Exercise directions: For each line of the data below that holds "sink", copy the line.

Records shown:
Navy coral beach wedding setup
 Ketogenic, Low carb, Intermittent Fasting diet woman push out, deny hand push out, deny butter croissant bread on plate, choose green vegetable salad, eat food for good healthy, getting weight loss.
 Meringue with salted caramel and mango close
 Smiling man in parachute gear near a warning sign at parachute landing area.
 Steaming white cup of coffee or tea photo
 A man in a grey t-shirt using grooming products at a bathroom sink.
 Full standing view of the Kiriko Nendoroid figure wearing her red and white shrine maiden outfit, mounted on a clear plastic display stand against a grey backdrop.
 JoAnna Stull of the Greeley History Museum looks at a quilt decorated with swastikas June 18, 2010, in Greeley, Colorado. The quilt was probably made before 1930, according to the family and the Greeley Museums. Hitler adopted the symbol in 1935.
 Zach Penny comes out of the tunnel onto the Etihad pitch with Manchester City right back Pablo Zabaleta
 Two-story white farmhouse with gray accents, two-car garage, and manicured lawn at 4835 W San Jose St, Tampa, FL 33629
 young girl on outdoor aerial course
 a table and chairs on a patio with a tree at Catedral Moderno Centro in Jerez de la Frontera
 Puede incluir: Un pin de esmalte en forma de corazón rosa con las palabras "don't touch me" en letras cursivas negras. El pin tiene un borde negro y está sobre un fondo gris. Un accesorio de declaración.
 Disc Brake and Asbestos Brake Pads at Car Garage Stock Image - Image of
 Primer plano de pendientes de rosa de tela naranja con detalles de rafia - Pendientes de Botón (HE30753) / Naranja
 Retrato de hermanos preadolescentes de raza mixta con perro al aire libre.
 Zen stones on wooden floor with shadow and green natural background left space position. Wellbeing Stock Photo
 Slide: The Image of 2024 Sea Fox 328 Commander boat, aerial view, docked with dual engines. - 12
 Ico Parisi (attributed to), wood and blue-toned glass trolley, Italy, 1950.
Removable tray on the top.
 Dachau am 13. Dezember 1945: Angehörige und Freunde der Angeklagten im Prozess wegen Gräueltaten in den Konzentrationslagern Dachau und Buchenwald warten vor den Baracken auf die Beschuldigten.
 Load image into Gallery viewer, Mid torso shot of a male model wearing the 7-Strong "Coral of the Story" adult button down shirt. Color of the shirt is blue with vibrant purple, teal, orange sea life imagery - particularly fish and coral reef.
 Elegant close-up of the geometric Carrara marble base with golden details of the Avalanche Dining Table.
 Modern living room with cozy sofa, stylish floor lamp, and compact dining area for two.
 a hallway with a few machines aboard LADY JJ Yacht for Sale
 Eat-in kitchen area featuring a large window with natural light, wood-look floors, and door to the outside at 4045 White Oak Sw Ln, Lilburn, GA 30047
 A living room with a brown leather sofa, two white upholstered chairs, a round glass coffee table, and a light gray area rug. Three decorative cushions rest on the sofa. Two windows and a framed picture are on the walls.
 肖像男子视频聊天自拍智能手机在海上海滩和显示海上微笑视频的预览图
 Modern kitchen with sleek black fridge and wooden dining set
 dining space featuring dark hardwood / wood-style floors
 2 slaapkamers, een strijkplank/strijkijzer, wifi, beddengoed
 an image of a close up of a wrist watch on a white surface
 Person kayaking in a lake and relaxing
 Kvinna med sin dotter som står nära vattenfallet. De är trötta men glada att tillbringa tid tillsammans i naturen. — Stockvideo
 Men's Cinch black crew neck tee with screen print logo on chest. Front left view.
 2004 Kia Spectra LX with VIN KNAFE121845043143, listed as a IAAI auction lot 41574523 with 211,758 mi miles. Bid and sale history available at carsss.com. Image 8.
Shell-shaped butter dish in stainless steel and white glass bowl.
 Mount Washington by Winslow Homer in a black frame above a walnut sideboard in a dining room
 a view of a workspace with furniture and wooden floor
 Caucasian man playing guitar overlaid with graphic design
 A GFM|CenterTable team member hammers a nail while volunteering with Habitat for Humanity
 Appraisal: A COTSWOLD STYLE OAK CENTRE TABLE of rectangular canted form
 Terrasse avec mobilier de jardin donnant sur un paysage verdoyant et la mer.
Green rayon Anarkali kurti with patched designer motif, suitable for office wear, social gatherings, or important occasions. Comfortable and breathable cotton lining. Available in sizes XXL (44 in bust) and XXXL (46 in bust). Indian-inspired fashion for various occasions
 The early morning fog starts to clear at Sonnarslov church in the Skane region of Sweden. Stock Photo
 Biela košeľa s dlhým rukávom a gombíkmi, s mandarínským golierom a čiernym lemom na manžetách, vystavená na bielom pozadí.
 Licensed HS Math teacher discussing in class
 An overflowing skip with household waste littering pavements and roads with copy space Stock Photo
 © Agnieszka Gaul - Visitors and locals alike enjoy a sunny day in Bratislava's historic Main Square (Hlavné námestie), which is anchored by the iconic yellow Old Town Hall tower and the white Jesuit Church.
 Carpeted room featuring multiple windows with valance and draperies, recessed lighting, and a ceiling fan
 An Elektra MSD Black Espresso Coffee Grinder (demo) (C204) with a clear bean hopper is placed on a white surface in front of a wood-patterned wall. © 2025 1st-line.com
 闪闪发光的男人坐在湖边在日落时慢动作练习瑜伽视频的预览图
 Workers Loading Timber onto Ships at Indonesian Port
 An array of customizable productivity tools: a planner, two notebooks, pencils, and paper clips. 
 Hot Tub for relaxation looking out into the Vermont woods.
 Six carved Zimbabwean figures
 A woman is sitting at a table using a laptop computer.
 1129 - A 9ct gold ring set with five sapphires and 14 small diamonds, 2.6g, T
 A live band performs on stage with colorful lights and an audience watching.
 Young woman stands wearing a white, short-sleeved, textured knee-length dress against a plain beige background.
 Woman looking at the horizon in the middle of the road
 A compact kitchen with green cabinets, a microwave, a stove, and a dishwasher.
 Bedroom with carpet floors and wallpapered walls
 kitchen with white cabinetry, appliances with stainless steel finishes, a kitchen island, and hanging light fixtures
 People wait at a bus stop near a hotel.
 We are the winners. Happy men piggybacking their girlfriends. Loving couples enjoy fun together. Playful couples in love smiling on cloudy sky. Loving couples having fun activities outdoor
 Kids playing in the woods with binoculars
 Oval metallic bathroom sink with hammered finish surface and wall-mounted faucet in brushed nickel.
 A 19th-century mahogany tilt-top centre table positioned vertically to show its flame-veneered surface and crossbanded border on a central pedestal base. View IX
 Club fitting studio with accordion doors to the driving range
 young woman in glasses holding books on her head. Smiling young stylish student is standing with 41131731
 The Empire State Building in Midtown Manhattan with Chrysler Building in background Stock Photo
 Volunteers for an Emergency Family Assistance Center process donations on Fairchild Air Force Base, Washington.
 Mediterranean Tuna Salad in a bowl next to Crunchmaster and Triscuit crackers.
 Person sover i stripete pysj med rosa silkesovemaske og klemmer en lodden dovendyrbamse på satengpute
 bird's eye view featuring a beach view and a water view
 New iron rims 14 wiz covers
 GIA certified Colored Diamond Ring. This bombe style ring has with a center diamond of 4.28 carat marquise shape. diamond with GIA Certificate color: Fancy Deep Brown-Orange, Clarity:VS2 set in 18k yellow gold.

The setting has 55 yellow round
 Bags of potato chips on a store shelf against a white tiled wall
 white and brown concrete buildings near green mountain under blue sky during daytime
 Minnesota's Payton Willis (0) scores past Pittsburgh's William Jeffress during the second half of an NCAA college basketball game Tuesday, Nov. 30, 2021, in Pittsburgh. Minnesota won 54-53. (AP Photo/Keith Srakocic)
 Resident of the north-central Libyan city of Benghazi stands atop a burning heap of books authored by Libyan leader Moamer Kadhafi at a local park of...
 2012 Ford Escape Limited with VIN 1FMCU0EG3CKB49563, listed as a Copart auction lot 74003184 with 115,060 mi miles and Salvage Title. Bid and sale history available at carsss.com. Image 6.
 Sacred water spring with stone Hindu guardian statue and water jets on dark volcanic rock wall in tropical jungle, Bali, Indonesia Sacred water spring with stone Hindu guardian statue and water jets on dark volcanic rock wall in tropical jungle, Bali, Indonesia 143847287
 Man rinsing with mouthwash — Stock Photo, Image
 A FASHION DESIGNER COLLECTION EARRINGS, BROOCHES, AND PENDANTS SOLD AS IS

Solution for this problem:
 A man in a grey t-shirt using grooming products at a bathroom sink.
 Oval metallic bathroom sink with hammered finish surface and wall-mounted faucet in brushed nickel.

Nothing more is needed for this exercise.